Observing it to be a “serious kind of fraud,” the Supreme Court on Monday stayed a part of the Securities Appellate Tribunal (SAT)’s order that had quashed Sebi’s two-year ban on audit firm Price Waterhouse (PW) in the wake of the Satyam Computer fraud in 2009.
A bench led by justice Arun Mishra partly stayed the SAT’s order that had held that Sebi has no authority to debar any auditor or auditing firm from auditing listed companies. Among other observations, the tribunal had stated that Sebi can only take remedial and preventative action, but the Sebi’s direction in the Price WaterHouse case “is neither remedial nor preventive but punitive.”
Attorney general K Venugopal argued that SAT ignored the findings of the Bombay High Court that it had jurisdiction over chartered accountants and its powers are not in conflict with the provisions of the Institute of Chartered Accountants of India (ICAI) Act and also the chartered accountants of listed companies can be said to be persons associated with the securities market under the Sebi Act. “SAT’s finding cripples us from barring errant firms, our mandate is to protect investors interests. Even if fraud is found in future, Sebi can’t bar listed companies”, he said while seeking stay.
Senior counsel Mukul Rohtagi, appearing for the auditing firm, argued that the firm is being punished for wrongdoings of the two partners. “We have already suffered, how many time will we be killed,” he said, adding that it’s the ICAI only which can bar auditors and not Sebi.
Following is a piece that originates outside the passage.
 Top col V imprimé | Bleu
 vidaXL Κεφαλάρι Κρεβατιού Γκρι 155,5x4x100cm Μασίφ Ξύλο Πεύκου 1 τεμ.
While SAT had on September 9 quashed the Sebi’s two-year ban imposed on the audit firm, it upheld Sebi’s move on disgorgement of Rs 13 crore from the auditor along with interest of 12% since 2007 for the wrongful gain.
The fraud dates back to 2009 when Satyam Computer founder B Ramalinga Raju confessed to cooking the company’s books and inflating profits. Satyam’s board was superseded and later the company was auctioned and taken over by Tech Mahindra.
On January 10, 2018, the markets regulator had barred Price Waterhouse firm and two auditors — S Gopalakrishnan and Srinivas Talluri — from auditing listed companies and had also directed the latter not to engage any audit firm forming part of the Price Waterhouse network. The ban order was passed on the grounds that the auditors had totally abdicated their “duty to follow the minimum standards of diligence and care expected from a statutory auditor, compelling the Whole Time Member (of Sebi) to draw an inference of malafides” and their involvement in the “large scale financial manipulations of Satyam Computer Services Ltd.”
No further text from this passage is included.